▶ Available data
<<<<
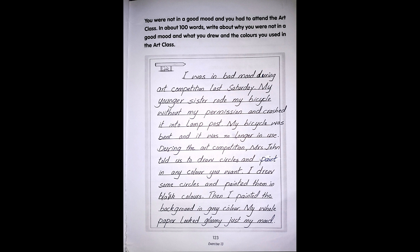You were not in a good mood and you had to attend the art class. In about 100 words, write about why you were not in a good mood and what you drew and the colors you used in the art class. Sample answer: I was in a bad mood during art class last Saturday. My younger sister rode my bicycle without my permission and crashed it into a lamp post. My bicycle was bent and it was no longer usable. During the art class, Mrs. Jones told us to draw circles and paint in any color we wanted. I drew some circles and painted them in black. Then I painted the background in gray. My whole paper looked gloomy, just like my mood.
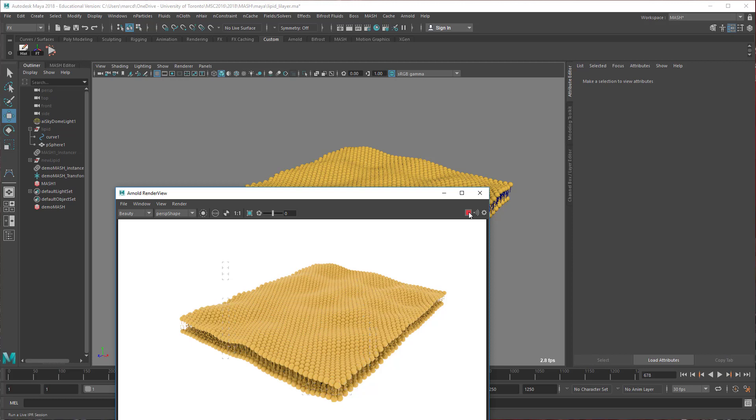Let's just do a little render. So in 10 minutes, you can get a really nice looking, animated, seemingly dynamic but not lipid bilayer made. I hope you find this useful. Thanks.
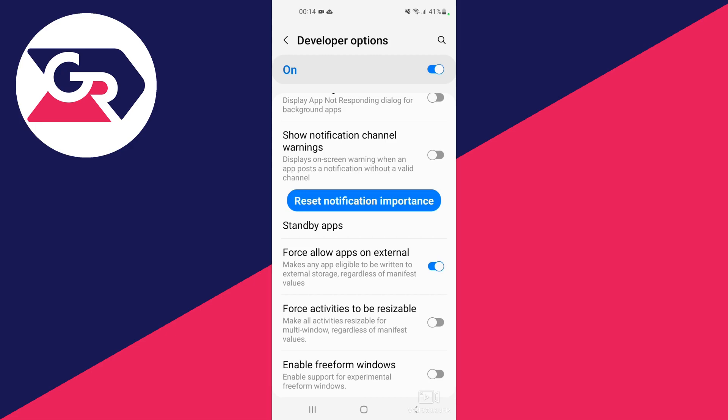Next time you download an app, it will be downloaded to your external storage, which is your SD card.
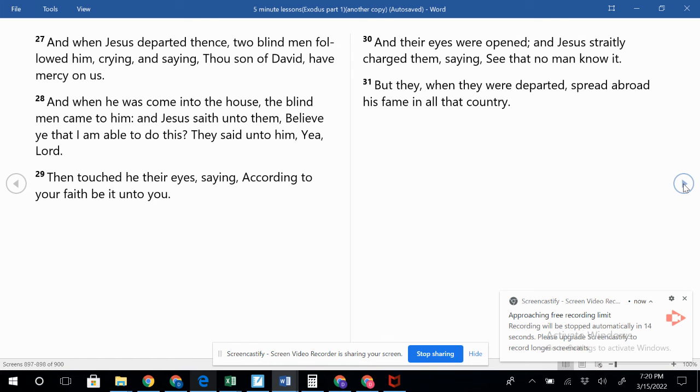And Jesus straightly charged them, saying, See that no man know it. But they, when they were departed, spread abroad his fame in all that country. Oh that we would spread the fame of Jesus Christ as they did and not hold our tongue. We should be telling people about Jesus.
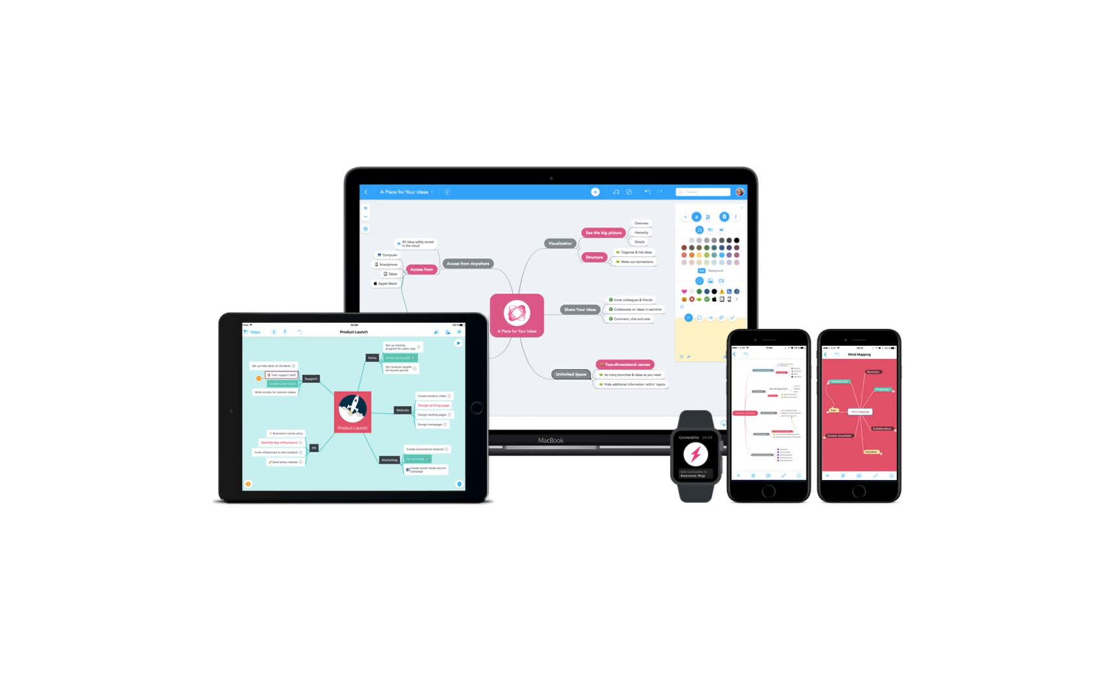Hi, and welcome back to MindMeister. In this video, I'm going to show you how you can access, edit, and present your mind maps using your smartphone or tablet.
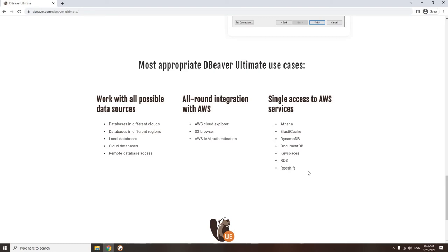On our official website, you can find more use cases for this app. The Ultimate Edition integrates seamlessly into the enterprise environment. On the other hand, its use is entirely safe, since all permissions are determined by the AWS settings itself.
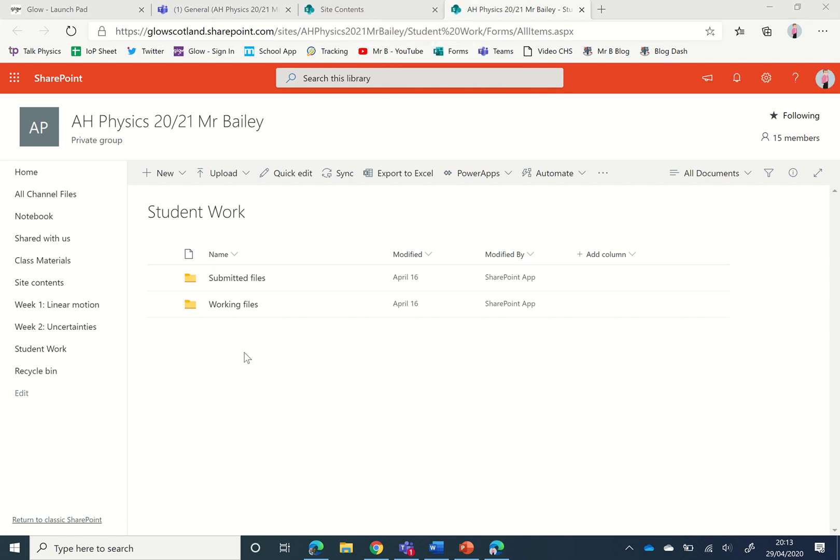There are two folders here: one is for working files, which is where the files go when students upload work to a Teams assignment, and the other one is submitted files, which is where the files go once the work has been submitted for marking, so when they've handed the work in.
>>>>
▶ Exercise objective
With the pictures omitted, restate word for word the lines above from the line that has "Let's just do" up to and including the line that has "Hi, and welcome", and no other lines.

▶ Exercise solution
Let's just do a little render. So in 10 minutes, you can get a really nice looking, animated, seemingly dynamic but not lipid bilayer made. I hope you find this useful. Thanks.
Next time you download an app, it will be downloaded to your external storage, which is your SD card.
And Jesus straightly charged them, saying, See that no man know it. But they, when they were departed, spread abroad his fame in all that country. Oh that we would spread the fame of Jesus Christ as they did and not hold our tongue. We should be telling people about Jesus.
Hi, and welcome back to MindMeister. In this video, I'm going to show you how you can access, edit, and present your mind maps using your smartphone or tablet.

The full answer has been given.